[What is needed] Could you print every record exactly as it stands?
─── Data for analysis ───
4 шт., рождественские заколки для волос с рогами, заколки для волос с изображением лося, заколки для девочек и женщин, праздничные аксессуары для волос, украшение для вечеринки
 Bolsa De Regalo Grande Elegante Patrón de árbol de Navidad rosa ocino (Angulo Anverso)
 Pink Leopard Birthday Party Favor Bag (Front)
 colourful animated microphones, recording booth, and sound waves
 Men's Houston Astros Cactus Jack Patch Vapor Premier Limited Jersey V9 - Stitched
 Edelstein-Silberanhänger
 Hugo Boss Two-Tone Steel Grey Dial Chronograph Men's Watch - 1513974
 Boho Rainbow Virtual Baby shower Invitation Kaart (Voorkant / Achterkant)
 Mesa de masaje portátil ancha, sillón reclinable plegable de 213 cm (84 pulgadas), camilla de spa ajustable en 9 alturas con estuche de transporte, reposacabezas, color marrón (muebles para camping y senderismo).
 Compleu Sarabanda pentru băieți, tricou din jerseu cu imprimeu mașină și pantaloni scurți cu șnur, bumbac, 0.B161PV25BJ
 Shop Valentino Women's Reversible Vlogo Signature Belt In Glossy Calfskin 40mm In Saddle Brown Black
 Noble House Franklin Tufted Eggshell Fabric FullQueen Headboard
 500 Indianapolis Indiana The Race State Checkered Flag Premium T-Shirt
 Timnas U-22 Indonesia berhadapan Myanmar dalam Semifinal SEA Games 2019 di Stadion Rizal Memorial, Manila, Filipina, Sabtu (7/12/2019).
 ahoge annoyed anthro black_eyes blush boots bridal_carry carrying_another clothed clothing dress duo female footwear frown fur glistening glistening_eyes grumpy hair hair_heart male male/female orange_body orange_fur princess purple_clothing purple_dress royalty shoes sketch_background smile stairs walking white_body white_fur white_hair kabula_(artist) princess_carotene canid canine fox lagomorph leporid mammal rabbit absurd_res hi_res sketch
───
[Output for this task]
4 шт., рождественские заколки для волос с рогами, заколки для волос с изображением лося, заколки для девочек и женщин, праздничные аксессуары для волос, украшение для вечеринки
 Bolsa De Regalo Grande Elegante Patrón de árbol de Navidad rosa ocino (Angulo Anverso)
 Pink Leopard Birthday Party Favor Bag (Front)
 colourful animated microphones, recording booth, and sound waves
 Men's Houston Astros Cactus Jack Patch Vapor Premier Limited Jersey V9 - Stitched
 Edelstein-Silberanhänger
 Hugo Boss Two-Tone Steel Grey Dial Chronograph Men's Watch - 1513974
 Boho Rainbow Virtual Baby shower Invitation Kaart (Voorkant / Achterkant)
 Mesa de masaje portátil ancha, sillón reclinable plegable de 213 cm (84 pulgadas), camilla de spa ajustable en 9 alturas con estuche de transporte, reposacabezas, color marrón (muebles para camping y senderismo).
 Compleu Sarabanda pentru băieți, tricou din jerseu cu imprimeu mașină și pantaloni scurți cu șnur, bumbac, 0.B161PV25BJ
 Shop Valentino Women's Reversible Vlogo Signature Belt In Glossy Calfskin 40mm In Saddle Brown Black
 Noble House Franklin Tufted Eggshell Fabric FullQueen Headboard
 500 Indianapolis Indiana The Race State Checkered Flag Premium T-Shirt
 Timnas U-22 Indonesia berhadapan Myanmar dalam Semifinal SEA Games 2019 di Stadion Rizal Memorial, Manila, Filipina, Sabtu (7/12/2019).
 ahoge annoyed anthro black_eyes blush boots bridal_carry carrying_another clothed clothing dress duo female footwear frown fur glistening glistening_eyes grumpy hair hair_heart male male/female orange_body orange_fur princess purple_clothing purple_dress royalty shoes sketch_background smile stairs walking white_body white_fur white_hair kabula_(artist) princess_carotene canid canine fox lagomorph leporid mammal rabbit absurd_res hi_res sketch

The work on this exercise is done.